Mohamed Benhadj, commissaire d’exposition, designer et artiste performeur, est arrivé dans le monde de l’art par un chemin décousu. Son identité artistique s’est forgée au fil des expériences, à la fois humaine et plastique.
D’Alger à Barcelone, ces dix dernières années ont été pour lui remplies de travail et couronnées de succès. Avec son projet Al-Tiba9, Mohamed Benhadj, exposent et accompagne des artistes internationaux, participe à des foires , biennales, et autres évènements cotés dans le monde de l’art.

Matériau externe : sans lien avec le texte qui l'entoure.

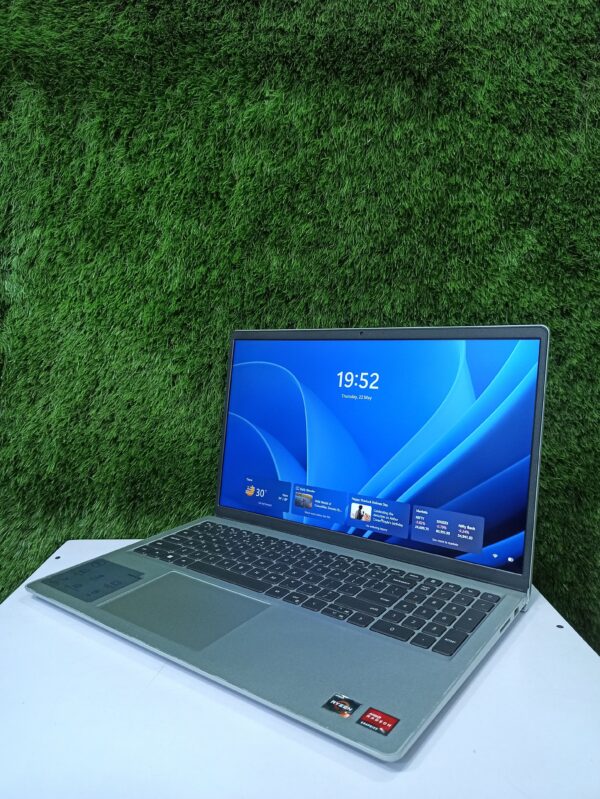 Dell Inspiron 3525 laptop  - Image 2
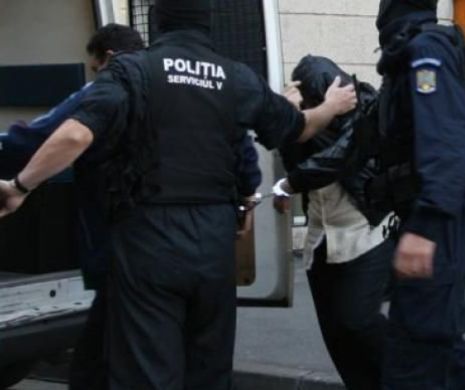 PERCHEZIŢIE la Unirea Shoping Center, din BUCUREŞTI. EVAZIUNE FISCALĂ  şi SPĂLARE DE BANI la magazine de haine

À 34 ans, Mohamed Benhadj est le propriétaire de la galerie virtuelle « Al-Tiba9 Contemporary Art » et du magazine éponyme. En 2020 il devient Ambassadeur culturel du prix « ARTE LAGUNA », l’un des concours d’art contemporain les plus célèbres de l’Arsenal de Venise, en Italie. Cette consécration fera de Al-Tiba9, un des nombreux Prix que compte le Arte Laguna Prize.
Le 3e numéro de son magazine a été utilisé comme référence en design pour les études doctorales en design à l’université d’art de Tokyo au Japon.
Mohamed Benhadj, parle de ces consécrations avec beaucoup de recul. Il estime que c’est le résultat de plusieurs années de travail. Pour lui, le travail « sincère et appliqué » entraine forcément la réussite.
Installé à Barcelone depuis 2015, Al-Tiba9 est néanmoins né en Algérie. « Al-Tiba9 est un concept qui englobe différentes expressions artistiques qui se déclinent à travers plusieurs médiums.
Il s’agit d’une exposition dont le projet artistique phare est la performance. « Chaque fois qu’une nouvelle édition d’Al-Tiba9 est organisée, j’initie de nouvelles forment d’art. La dernière, organisée à Alger en 2019, a vu l’introduction d’un mélange de performances et de design de mode », explique Mohamed Benhadj.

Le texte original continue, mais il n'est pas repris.